I have a song, now what? Go Social

A recent study finds that more people are going to major social media platforms (Facebook, Twitter, YouTube and the like). It says 73% go to at least one channel and 42% go to multiple ones. And not for nothin', but it also says that women use social media more than men. Food for thought...

Let’s face it. Everyone in the industry knows that if you’re serious about your music, you shouldn’t consider going social. You HAVE TO go social. Or you get ignored.

Social media allows fans to get to know YOU. Think about your music heroes. You liked their music, you wanted to know more about them, right?

What Social Media Can Do for Your Band

The Obvious: Free Publicity. Posting info about shows, new streams and other updates put the word out about your act. It’s also about your image—who you are as people. So don’t miss the opportunity to post as individuals from your band’s Twitter account, FB page and other places so your fans get to know you as human beings. Popularity is the name of the game, so personality counts.

Fan Engagement. Social media is interactive—a two-way conversation. Therefore it’s a great way to ask fans questions, get feedback from them and involve them in your creative process.

Networking. Social media channels allow you to hook up with other bands in the business to find out what’s going on; look for opportunities to open for a band more established than you to get in front of more fans.

Boosts Popularity. Social platforms like FB, Twitter, Instagram and the like point back to your site. The more traffic you get, the higher you rank on Google for new fans to find you.

Tips For the Social Savvy Musician

Remember that social media is about relationships. It’s not a billboard or marquee. It’s an opportunity to engage with your fans—to have a conversation with them. To build a relationship with each one and then build a community of loyal fans out of those individual relationships. This takes time and effort, but is so worth the time invested. Loyal fans help spread the word and sell CDs. Resist the urge to talk AT your audience, pelting them with info about your latest album or upcoming gig. Everyone has an opinion, and everyone wants to be heard. Give your fans the opportunity to do so, and you’ve won them for life.
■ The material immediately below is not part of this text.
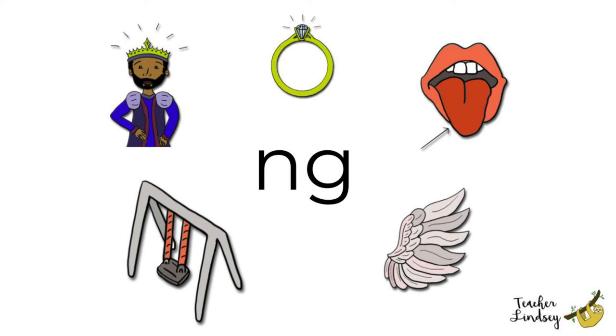Tongue, tongue. Can you stick out your tongue? King, king. What does the king have on his head? A crown. He has a crown on his head.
Prepare yourself for the long haul. Social media requires commitment. Once you start, you have to keep it going, or you’ll lose momentum with the fans you create. Social media is a hungry animal that needs to be fed with fresh content on a regular basis. Be prepared to feed it—regularly and well.

Keep the conversation going. If you aren’t posting regularly, creates the impression that don’t have any gigs or releasing any new music, which is NOT what you want industry professionals to assume. Even if you’re between dates and/or projects, keep the conversation going with industry news at large or personal updates, creative musings, etc.

Make it easy. Make sure every channel you're on has an icon on your home page that’s hooked up to the platforms. At live gigs, remind fans to visit you online both verbally and on promo materials. Encourage them to tweet live and post pics on Instagram in real time from your concerts.

Be responsive. Ignore your followers and you’ll lose them. So make sure you check your messages and acknowledge posts and direct messages quickly.

Reward/Recognize loyalty. Give shout outs to loyal fans who post regularly, attend your shows and/or buy t-shirts. Hosting a contest can’t hurt, either.

Blog. Social media real estate is limited. Posting gets the word out, blogging gets the story out. If you have more to say about what’s going on with your band, the industry and your shows, blogging is the way to go. It’s a great way to generate new buzz about you on the social media scene. Announce your new blog entry on your social media channels and everyone has more to talk about. And they’re likely to go to your website to find out more about you and your music. Plus, blogs point back to your website, growing search engine love.

Be discriminating. Social media sites are seductive. Facebook, Twitter and YouTube are the basics. Beyond that, stick to additional sites that relate to your image, i.e. if you’re going for mystery, Tumblr is a good choice. If you’re about visuals, add Pinterest to your portfolio. But do your homework and be selective so you generate quality over quantity.

Don’t be Kanye. Resist the urge to use other people’s blogs, profiles and posts to promote your latest song, CD or upcoming gig. It’s like Kanye West taking the mic from Taylor Swift at the VMA’s. Simply not cool.

Great social media sites for musicians to check out:

Social media is about people, not product. So treat it as such. Engage with your fans, build your fan base, nurture it and build a community of loyal ambassadors promoting your music. And if you need help, ask.